Property Sectors and Investor Appetites

Multifamily is fairly recession-proof, Martinez said.

“There’s still a housing shortage and people need a place to live,” Martinez said. “Plus, you can always adjust your rents.”

The industrial and multifamily sectors have been the most popular with investors for the past few years, which Martinez expects to continue.

“Office investment is still down because of the uncertainty of what ‘back to work’ means,” Martinez said. “Hospitality will pick up faster now that people are traveling again.”

While few transactions have taken place in recent months, Martinez anticipates some repricing of assets in the coming year.

“In the multifamily sector, we’re likely to see cap rates back to normal,” he said. “We’ll see a smaller swing in repricing in multifamily and industrial, but I think we’ll see differences depending on the asset class and the location.”

Eighteen months ago, cap rates were the same in tertiary markets as they were in places like downtown or midtown Atlanta, Martinez said, which was unusual.

“I think the larger markets and better assets will have smaller pricing increases or changes than lesser quality assets, especially in secondary and tertiary markets,” Martinez said. “We’re likely to see a greater variation in cap rates again that will be closer to where they’ve been historically.”

Considering a 1031 Exchange?

Speak with the experts at 1031 Capital Solutions first.

 

Debt Availability

Given the ongoing uncertainty about interest rates and the recession, Martinez expects the first and second quarters of 2023 to be relatively slow for borrowing for the multifamily sector.

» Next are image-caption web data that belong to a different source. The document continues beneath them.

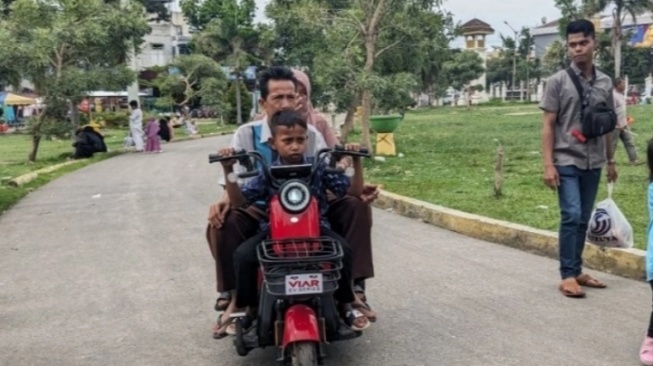 Apakah Sepeda Listrik Bisa Ditilang Polisi? Ini Aturan Hukum di Indonesia
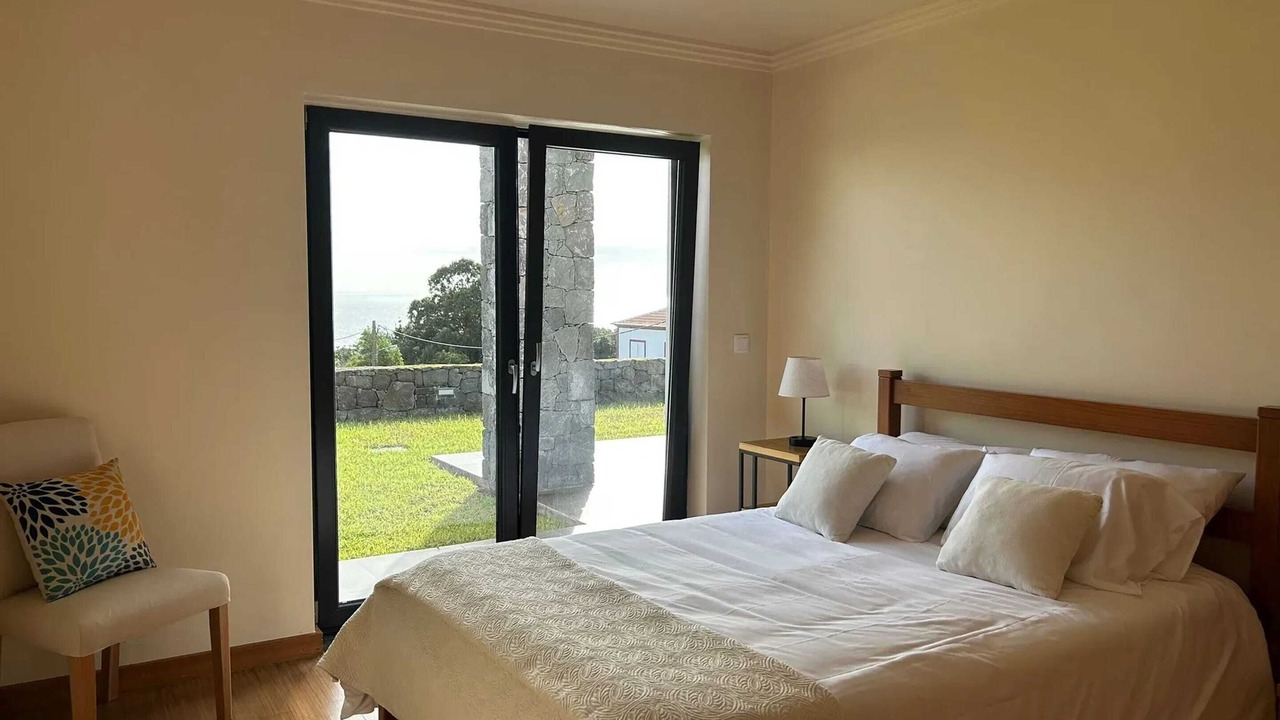 Photo of Bedroom in Angra do Heroismo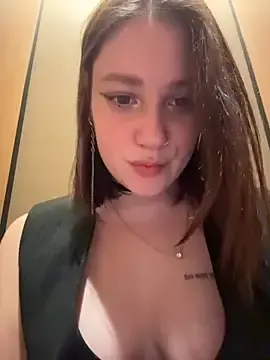 Stripchat Live Porn of lucy-joy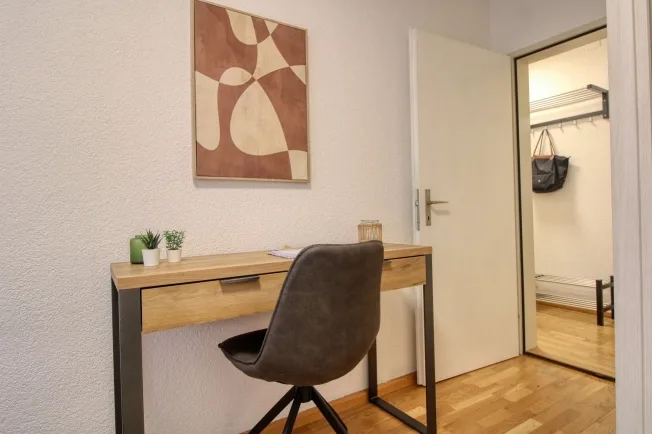Cozy Single Room with Balcony in a Flat-Share – Basel St. Johann – foto 6 di 17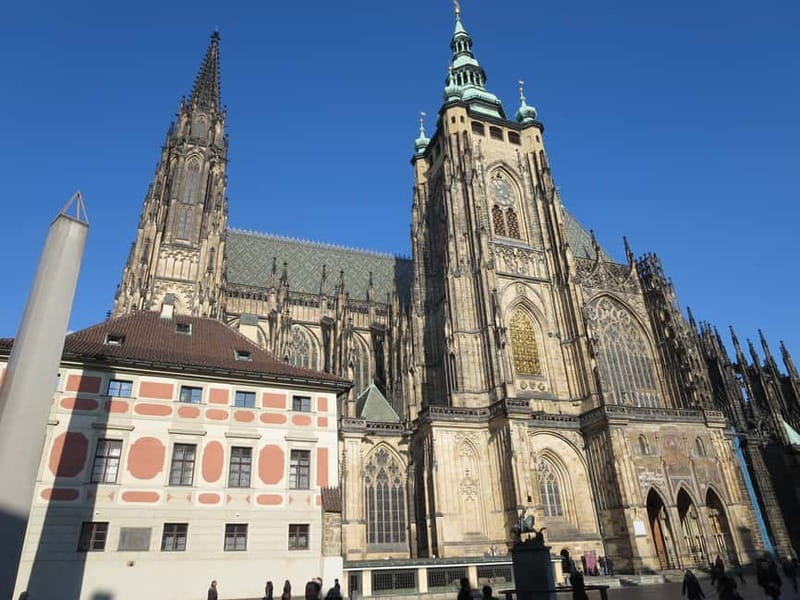 Prague: Bus and Boat Tour - A quick orientation through Prague’s historic center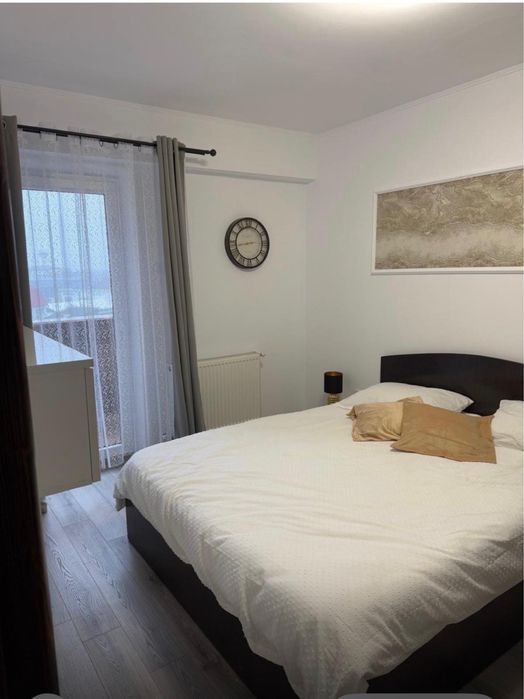 Apartament de închiriat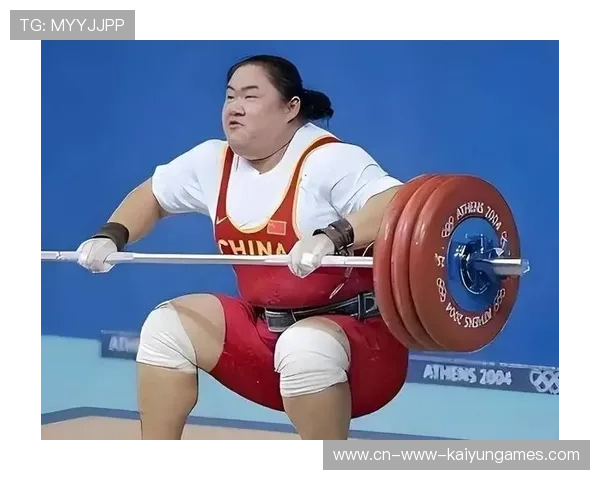 全国举重赛出现 14 岁怪物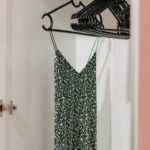 How to Build a Basic Capsule Wardrobe for Everyday Style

“As soon as we get more certainty, people will get more comfortable and come back,” Martinez said. “A big source of capital that’s stepped back quite a bit is the debt funds and CMBS because of all the volatility. They were a huge factor 18 months ago. I see them coming back but maybe not as many or as big as they were then.”

In the past, when other lenders stepped back, Fannie Mae and Freddie Mac stepped forward, Martinez said.

“To some extent, that’s starting to happen now,” Martinez said. “If you want to finance multifamily now, the Agencies are there, especially to address the affordability crisis.”

Another reason Martinez believes the multifamily sector thrives even in adverse market conditions is the availability of financing from Fannie Mae and Freddie Mac.

“The agencies are countercyclical and provide market stability for multifamily,” Martinez said. “There’s not an equivalent lending source for the office market to fill in the gap when other sources of capital dry up.”

Multifamily Supply Dynamics

More than 400,000 apartment units were delivered in 2022, according to CoStar, and 494,000 are expected to deliver in 2023.

“The new development and supply will help alleviate some of the pressure on affordability for the multifamily sector,” Martinez said. “We expect a decline in deliveries in 2024 and 2025.”

Most of the new supply is in Texas and Florida, where job growth and population growth continues, Martinez notes.

“We need to look at some of the secondary and tertiary markets that are sometimes less able to digest new supply, but I think even those markets will adjust because deliveries will slow again after this year,” Martinez said.

The theme for 2023 is “back to normal” for the multifamily sector, which Martinez said is healthy.